Principal component analysis concerned with explaining the variance-covariance structure of a set of variables through a few linear combinations of these variables. To determine how many principal components should be considered, the eigenvalues should first be examined. Investigating whether the processing of numbers depend on the way the numbers were presented, i.e. whether the data could be reduced. Four variables (WordDiff, WordSame, ArabicDiff and ArabicSame) were used. Both covariate and correlation matrix were used to obtain the principal components and compare the results between them. In addition, canonical correlation was used to examine the correlation between the set of Word variables and the set of Arabic variables. To see the correlation between the Word variables and Arabic variables, observing the canonical correlation between the first Word canonical variable and the first Arabic variable is enough.
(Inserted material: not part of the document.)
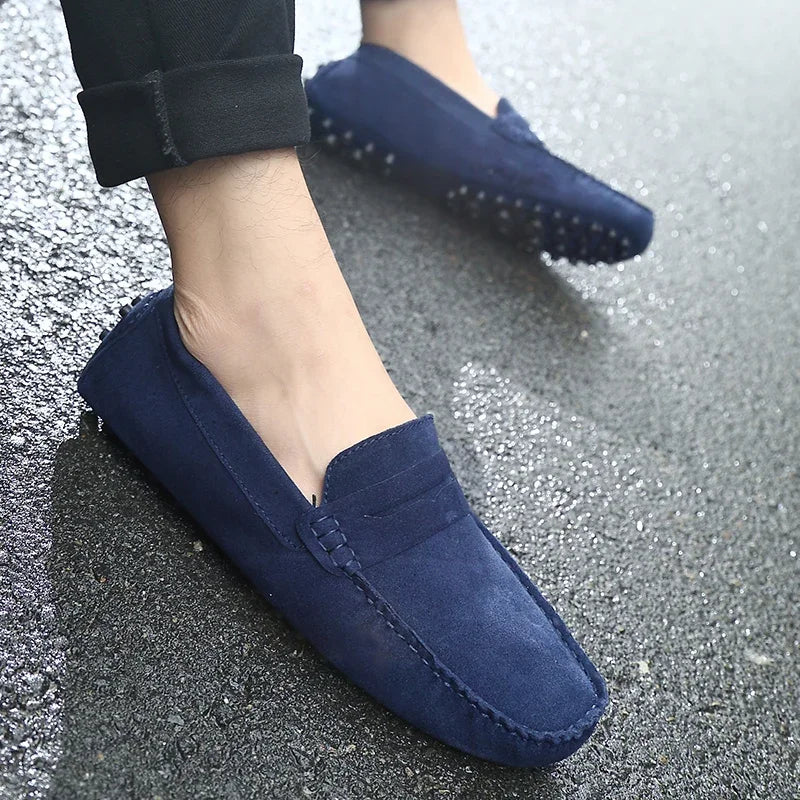 Mocassins pour hommes en cuir véritable suédé faits main | Mocassins de conduite à enfiler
Data was reduced into a single principal component (PC1) as more than 80% of the total variability was explained by this principal component.

Introduction

Principal components are independent linear combinations that depend on the correlation or covariance matrix. Principal Component Analysis is concerned with explaining the variance- covariance structure of a set of variables through a few linear combinations of these variables. Its general objectives are data reduction and interpretation [1]. Although p components are required to reproduce the total system variability, often much of this variability can be accounted for by a small number k of the principal components. If so, there is (almost) as much information in the k components as there is in the original p variables. The k principal components can then replace the initial p variables, and the original data set, consisting of n measurements on p variables, is reduced to a data set consisting of n measurements on k principal components [2].
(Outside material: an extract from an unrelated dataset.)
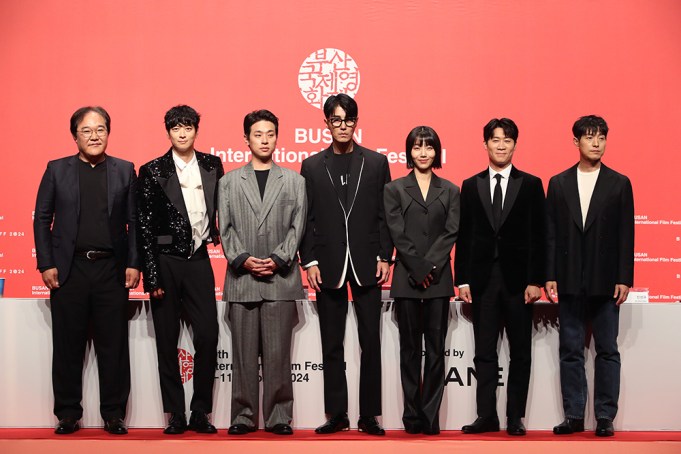 BUSAN, SOUTH KOREA - OCTOBER 02: (L to R) Director Kim Sang-man, Actors Gang Dong-won, Park Jeong-min, Cha Seung-won, Kim Shin-rock, Jin Sun-kyu and Jung Sung-il attend the press conference for 'Uprising', the opening film of the 29th Busan International Film Festival at Shinsegae Centum City Culture hall on October 02, 2024 in Busan, South Korea. (Photo by Chung Sung-Jun/Getty Images)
An analysis of principal components often reveals relationships that were not previously suspected and thereby allows interpretations that would not ordinarily result. Analyses of principal components are more of a means to an end rather than an end in themselves, because they frequently serve as intermediate steps in much larger investigations. For example, principal components may be inputs to a multiple regression or cluster analysis, moreover, (scaled) principal components are one “factoring” of the covariance matrix for the factor analysis model considered. To determine how many principal components should be considered, the eigenvalues should ﬁrst be examined. In this study, both covariate and correlation matrix were used to obtain the principal components and compare the results between them.
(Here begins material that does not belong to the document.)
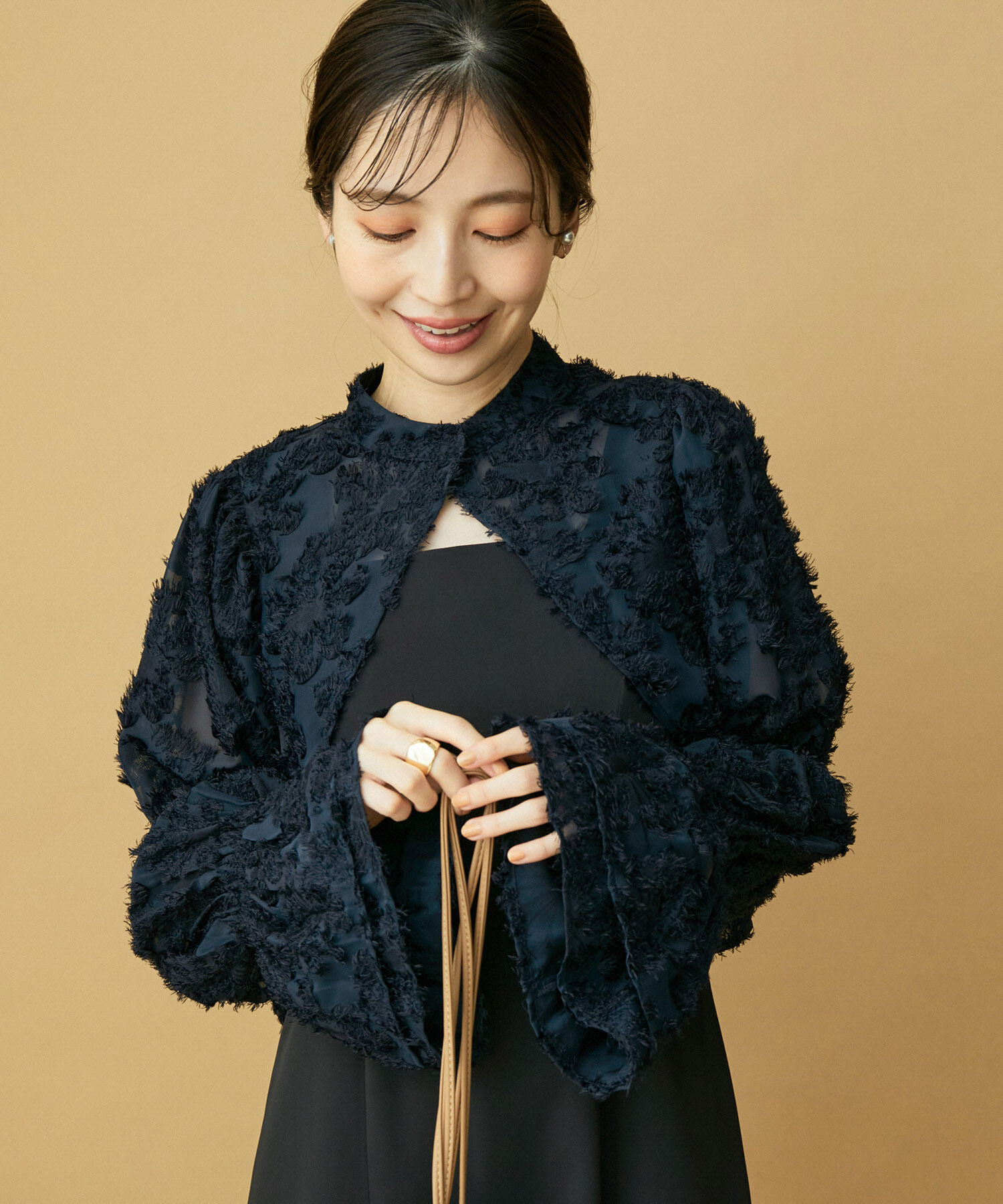 VIS「【VIS DRESS】シャーリングボレロセットワンピース」|ワンピース|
Canonical correlation analysis is concerned with the amount of linear relationship between two sets of variables. Sometimes researchers may want to measure two types of variables on each research unit, or may be interested on investigations of the relationship between two sets of variables, like the relationship between the set of academic achievement variables and a set of measure of job success variables, then the canonical correlation analysis is the best method. If we assume that there are Y= (y1, y2. . . yg) and X=(x1, x2, x3, . . . , xg) two sets of variables which were measured on the same sampling unit, the overall correlation between Y and X was obtained using canonical correlation analysis. Canonical correlation is an extension of multiple correlation, which is the correlation between one y and several x’s [3].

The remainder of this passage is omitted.